# Required action
Starting with the first line of the listing, quote each line exactly until and including the one with "Alpine A110 R Turini 2024 4K PC Wallpaper", leaving pictures out.

# Input for this task
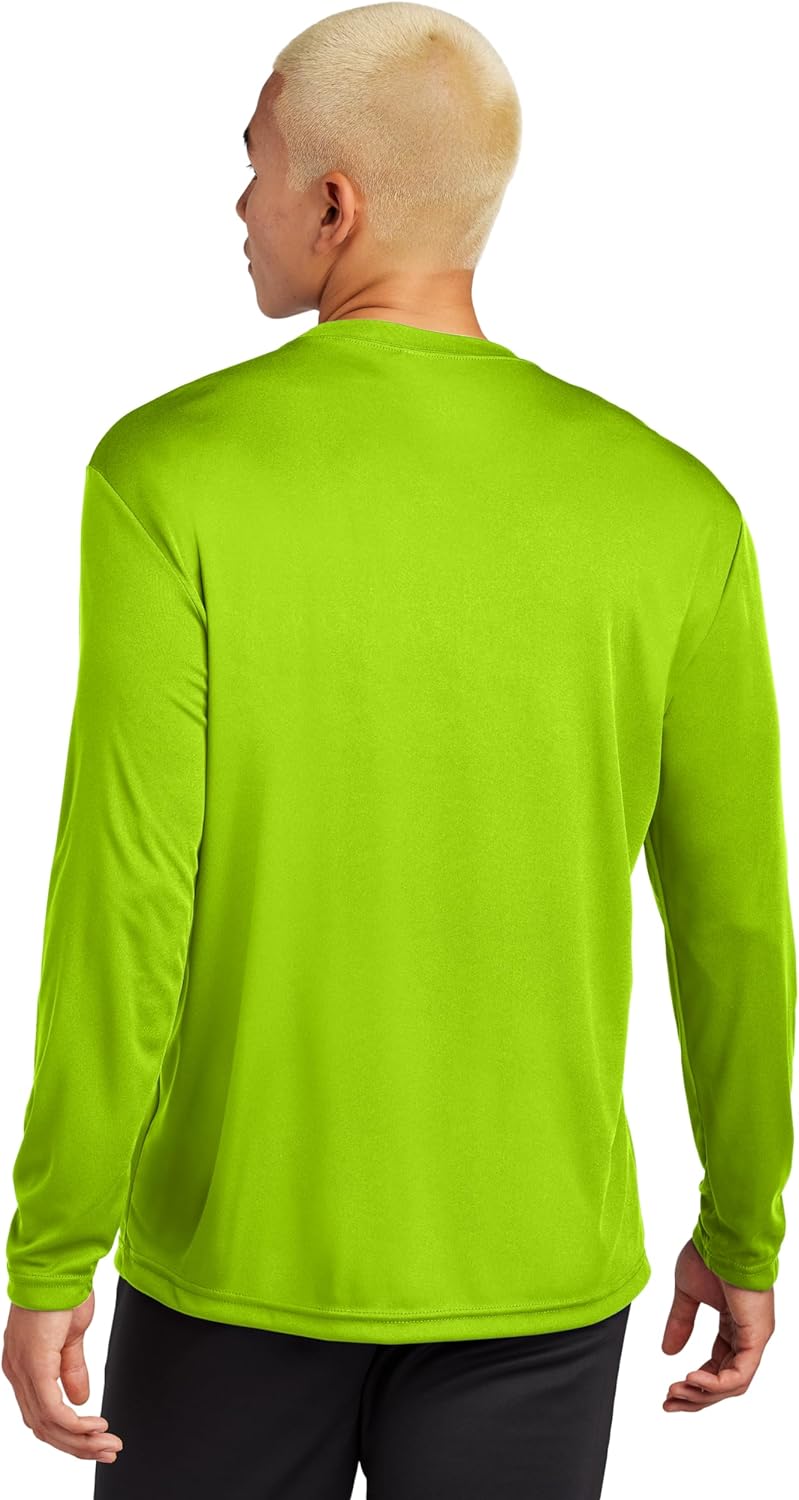 Clothe Co. Mens Long Sleeve Tee Shirts Moisture Wicking Dry Fit T-Shirts (Available in Big & Tall) - Image 3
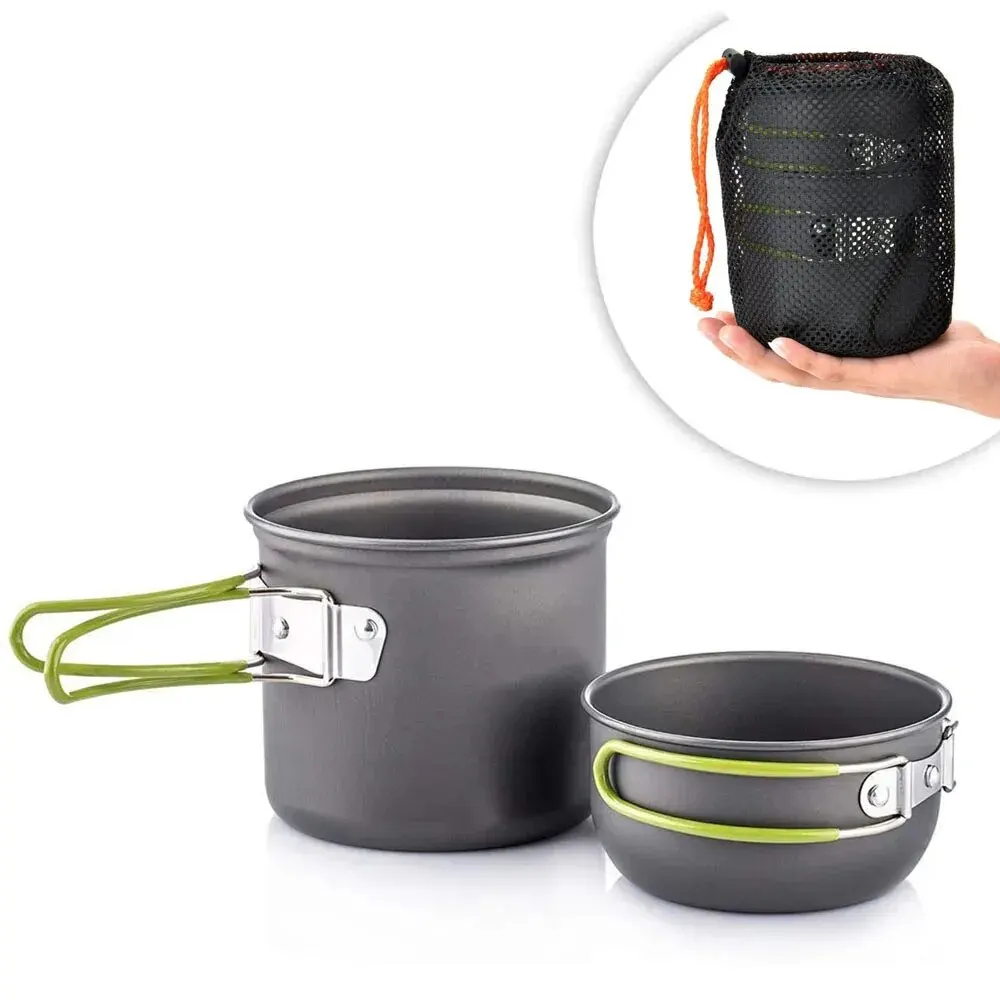 Outdoor Camping Cooking Set - Ultralight Camping Pot Set: Camping Cookware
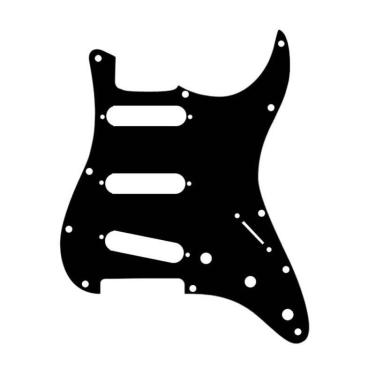 Imagem de Escudo para Guitarra Strato Spirit para 3 Singles - X200 Black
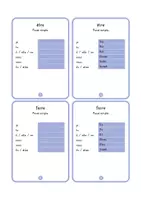 Vorschau - Stationenlernen - 50 Französisch Verben - Passé simple (+inkl. Lösungen) - Seite 1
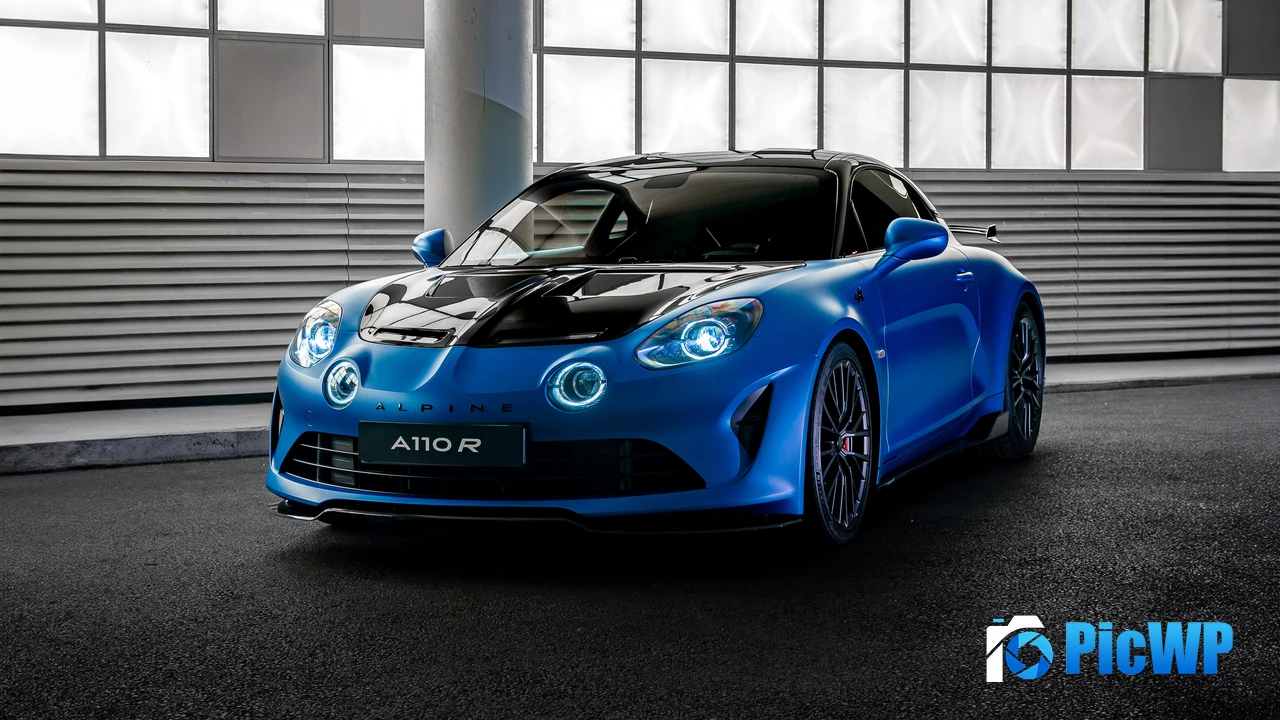 Alpine A110 R Turini 2024 4K PC Wallpaper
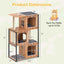 Árbol para Gatos Moderno con Estructura de Metal y Postes para Rascar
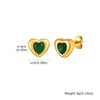 Retro Green Zircon Pendant Necklace For Women, Crystal Stone Chain Stainless Steel Gold Plated Birthday Gifts - Image 17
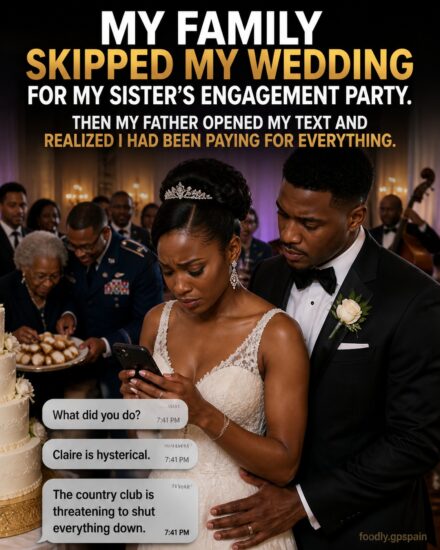 My Family Skipped My Wedding For My Sister’s Engagement Party. Then My Father Opened My Text And Realized I Had Been Paying For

# Response for this exercise
 Clothe Co. Mens Long Sleeve Tee Shirts Moisture Wicking Dry Fit T-Shirts (Available in Big & Tall) - Image 3
 Outdoor Camping Cooking Set - Ultralight Camping Pot Set: Camping Cookware
 Imagem de Escudo para Guitarra Strato Spirit para 3 Singles - X200 Black
 Vorschau - Stationenlernen - 50 Französisch Verben - Passé simple (+inkl. Lösungen) - Seite 1
 Alpine A110 R Turini 2024 4K PC Wallpaper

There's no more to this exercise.